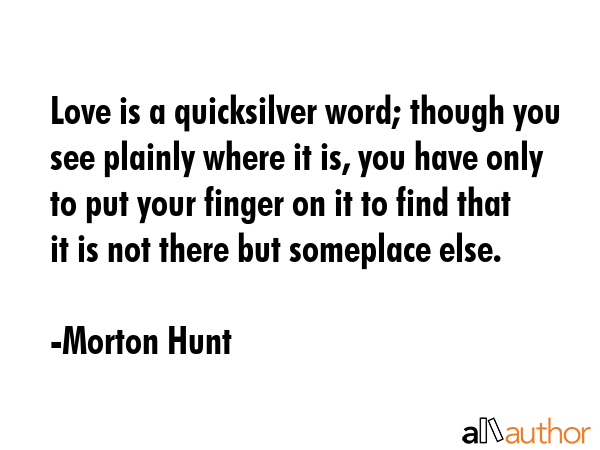 Love is a quicksilver word; though you see plainly where it is, you have only to put your finger on... - Morton Hunt Quote GIF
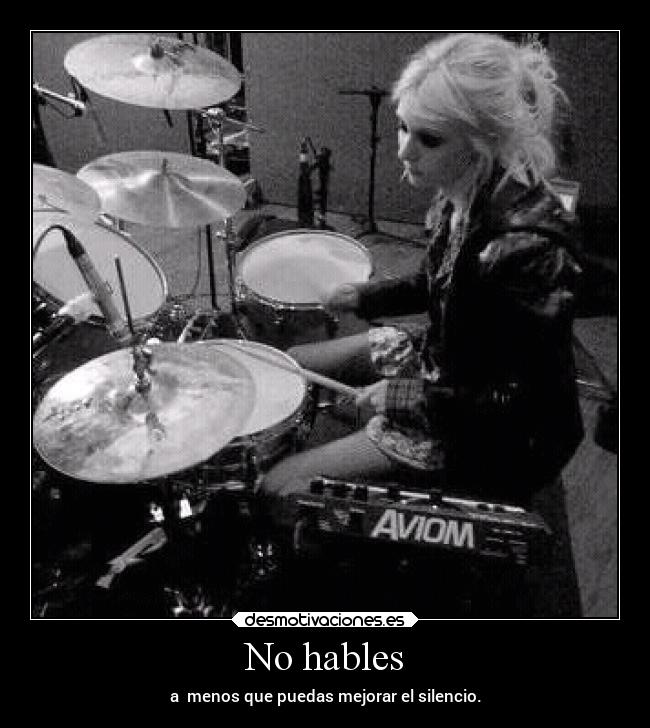 No hables - a  menos que puedas mejorar el silencio.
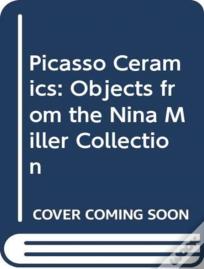 Picasso Ceramics - Objects From The Nina Miller Collection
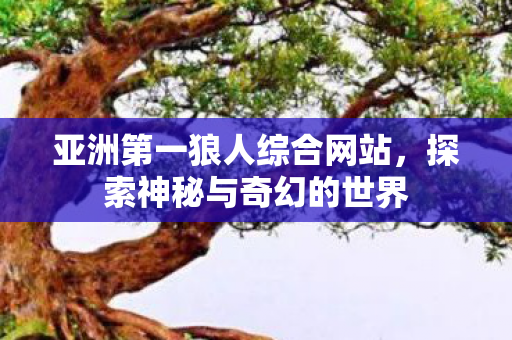 亚洲第一狼人综合网站,探索神秘与奇幻的世界 亚洲第一狼人综合网站,探索神秘与奇幻的世界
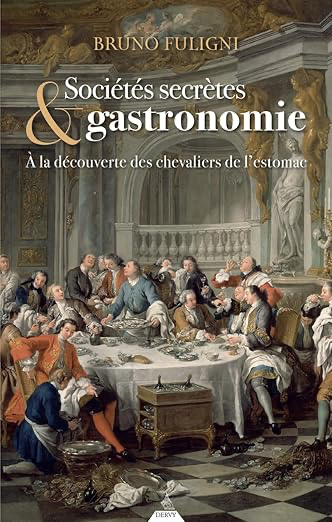 SOCIETES SECRETES & GASTRONOMIE - A LA DECOUVERTE DES CHEVALIERS DE L'ESTOMAC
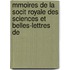 Mmoires de La Socit Royale Des Sciences Et Belles-Lettres de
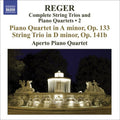 M. Reger: Complete String Trios & Piano Quartets 2 - COMPACT DISCS
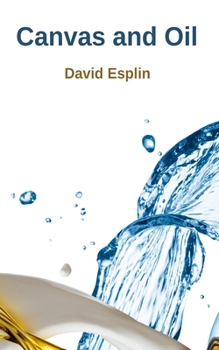 Paperback Canvas and Oil: Selected Poems by David Esplin Book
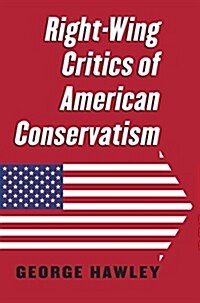 Right-Wing Critics of American Conservatism (Hardcover)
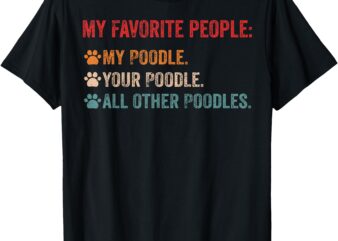 My Favorite People My Poodle Your Poodle, Funny Poodle Dog T-Shirt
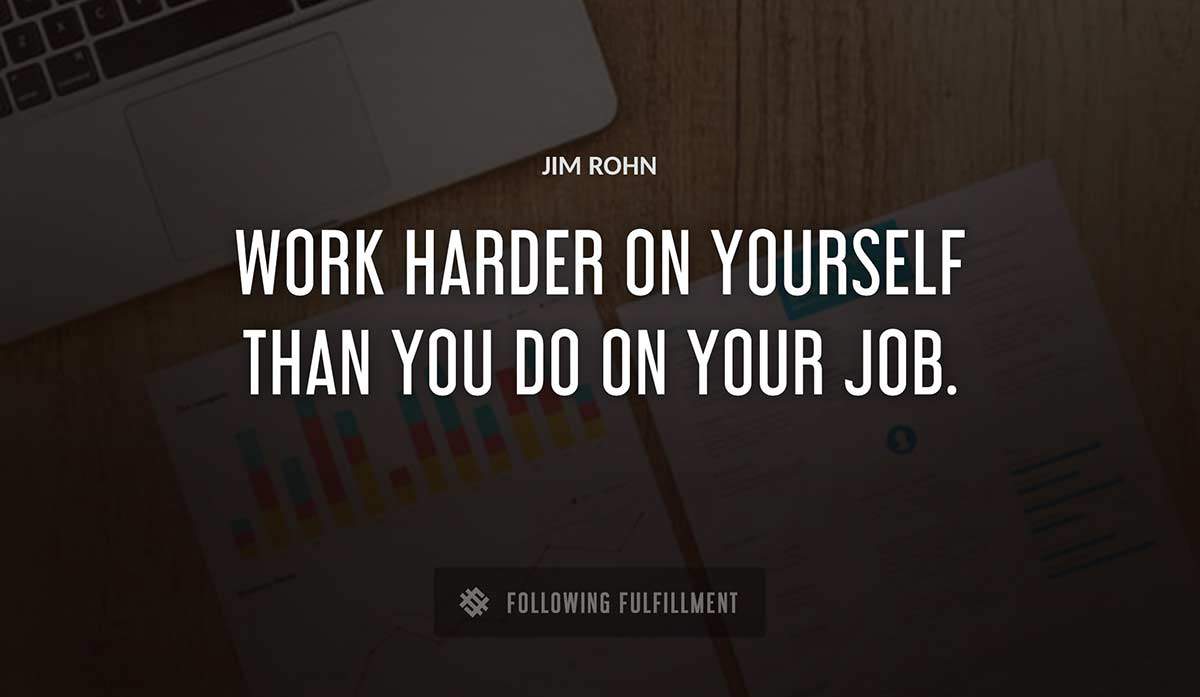 work harder on yourself than you do on your job Jim Rohn quote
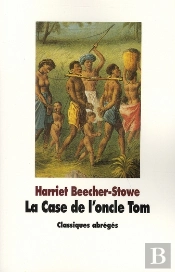La Case De L'Oncle Tom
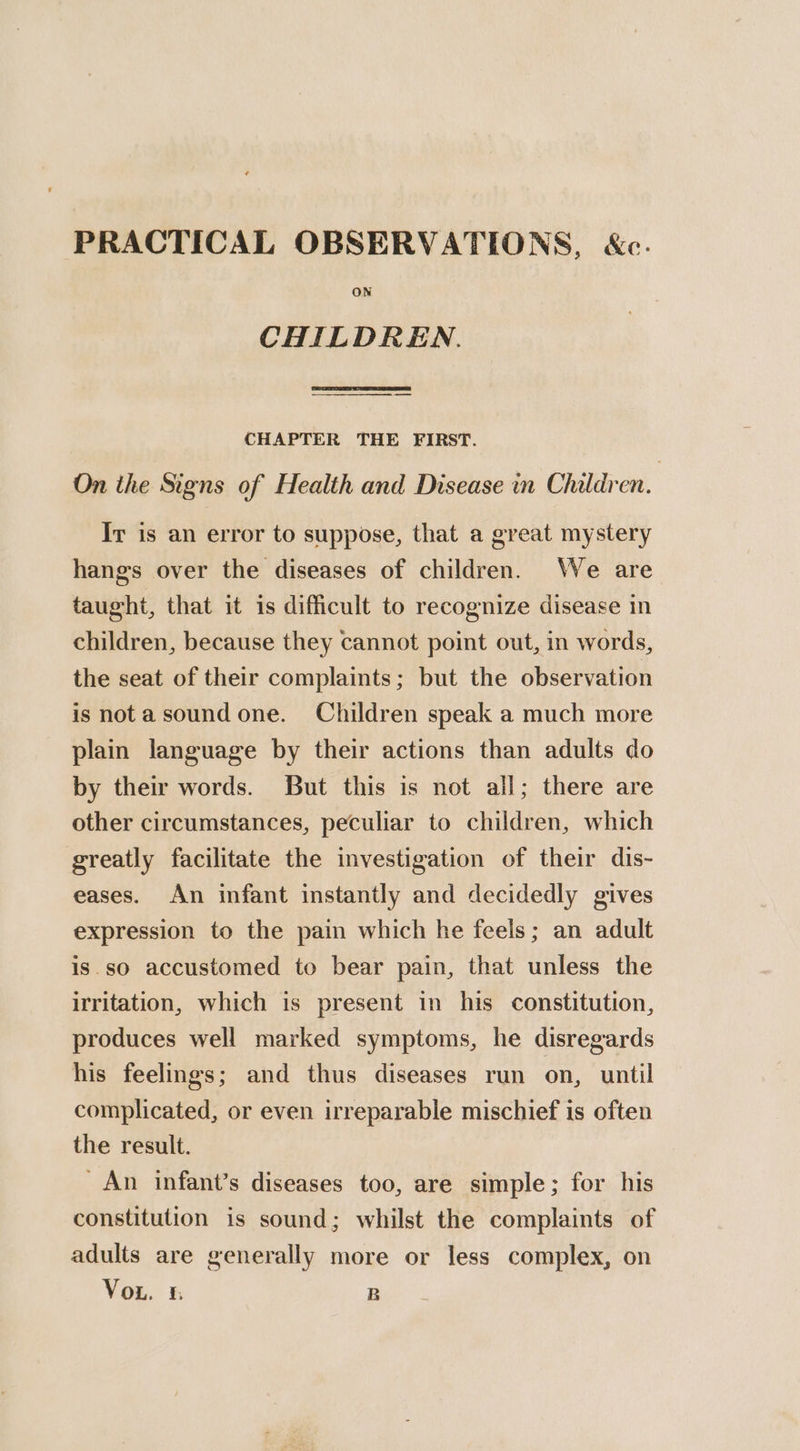 PRACTICAL OBSERVATIONS, &c. CHILDREN. CHAPTER THE FIRST. On the Signs of Health and Disease in Children. Ir is an error to suppose, that a great mystery hangs over the diseases of children. We are taught, that it is difficult to recognize disease in children, because they cannot point out, in words, the seat of their complaints; but the observation is notasoundone. Children speak a much more plain language by their actions than adults do by their words. But this is not ail; there are other circumstances, peculiar to children, which greatly facilitate the investigation of their dis- eases. An infant instantly and decidedly gives expression to the pain which he feels; an adult is.so accustomed to bear pain, that unless the irritation, which is present in his constitution, produces well marked symptoms, he disregards his feelings; and thus diseases run on, until complicated, or even irreparable mischief is often the result. An infant’s diseases too, are simple; for his constitution is sound; whilst the complaints of adults are generally more or less complex, on Vou. & B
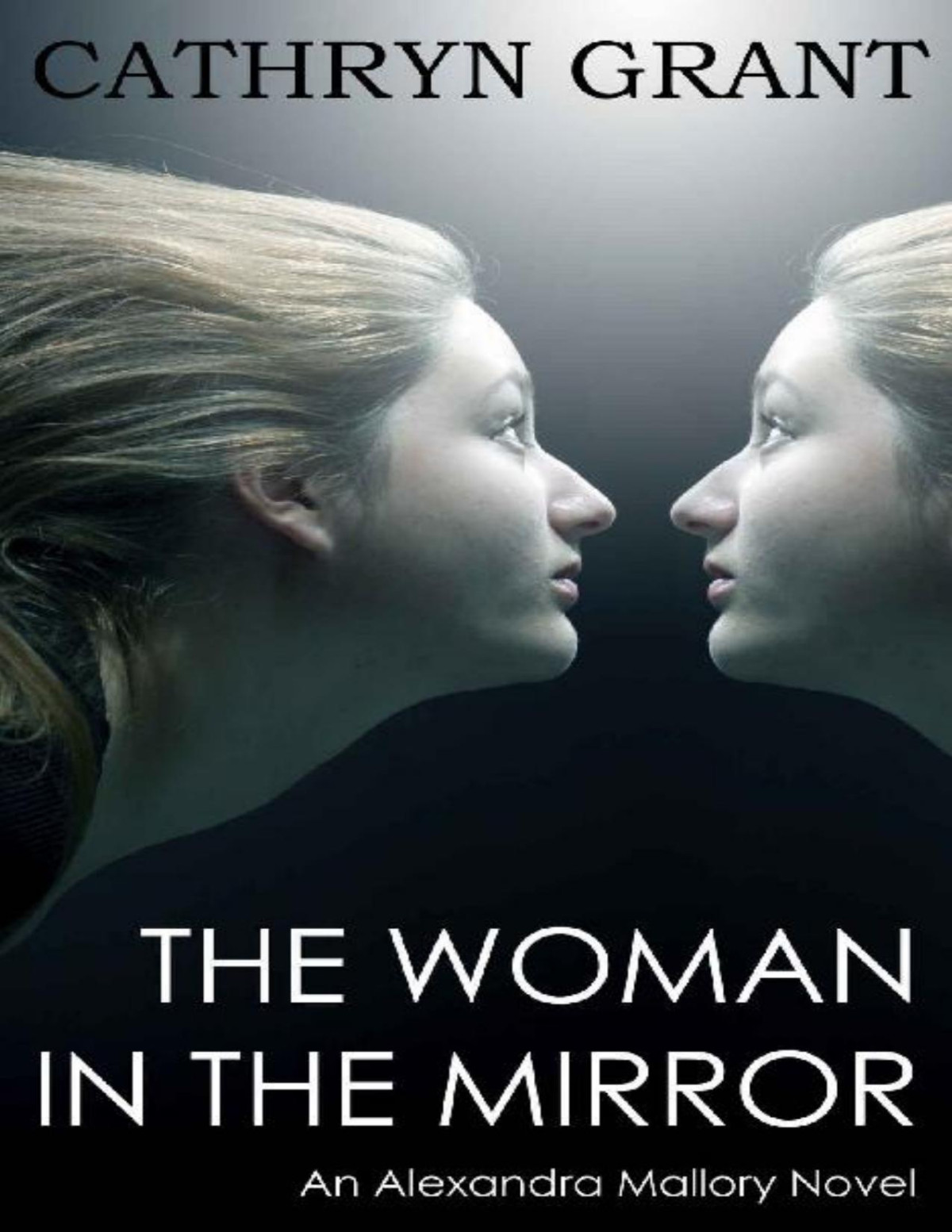 The Woman In The Mirror A Psychological Suspense Novel Alexandra Mallory Book 1 Converted Cathryn Grant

**********

▶ _Problem to solve_:
Everything in the records except the pictures should be retyped exactly.

▶ _Solution for this task_:
 Love is a quicksilver word; though you see plainly where it is, you have only to put your finger on... - Morton Hunt Quote GIF
 No hables - a  menos que puedas mejorar el silencio.
 Picasso Ceramics - Objects From The Nina Miller Collection
 亚洲第一狼人综合网站,探索神秘与奇幻的世界 亚洲第一狼人综合网站,探索神秘与奇幻的世界
 SOCIETES SECRETES & GASTRONOMIE - A LA DECOUVERTE DES CHEVALIERS DE L'ESTOMAC
 Mmoires de La Socit Royale Des Sciences Et Belles-Lettres de
 M. Reger: Complete String Trios & Piano Quartets 2 - COMPACT DISCS
 Paperback Canvas and Oil: Selected Poems by David Esplin Book
 Right-Wing Critics of American Conservatism (Hardcover)
 My Favorite People My Poodle Your Poodle, Funny Poodle Dog T-Shirt
 work harder on yourself than you do on your job Jim Rohn quote
La Case De L'Oncle Tom
 PRACTICAL OBSERVATIONS, &c. CHILDREN. CHAPTER THE FIRST. On the Signs of Health and Disease in Children. Ir is an error to suppose, that a great mystery hangs over the diseases of children. We are taught, that it is difficult to recognize disease in children, because they cannot point out, in words, the seat of their complaints; but the observation is notasoundone. Children speak a much more plain language by their actions than adults do by their words. But this is not ail; there are other circumstances, peculiar to children, which greatly facilitate the investigation of their dis- eases. An infant instantly and decidedly gives expression to the pain which he feels; an adult is.so accustomed to bear pain, that unless the irritation, which is present in his constitution, produces well marked symptoms, he disregards his feelings; and thus diseases run on, until complicated, or even irreparable mischief is often the result. An infant’s diseases too, are simple; for his constitution is sound; whilst the complaints of adults are generally more or less complex, on Vou. & B
 The Woman In The Mirror A Psychological Suspense Novel Alexandra Mallory Book 1 Converted Cathryn Grant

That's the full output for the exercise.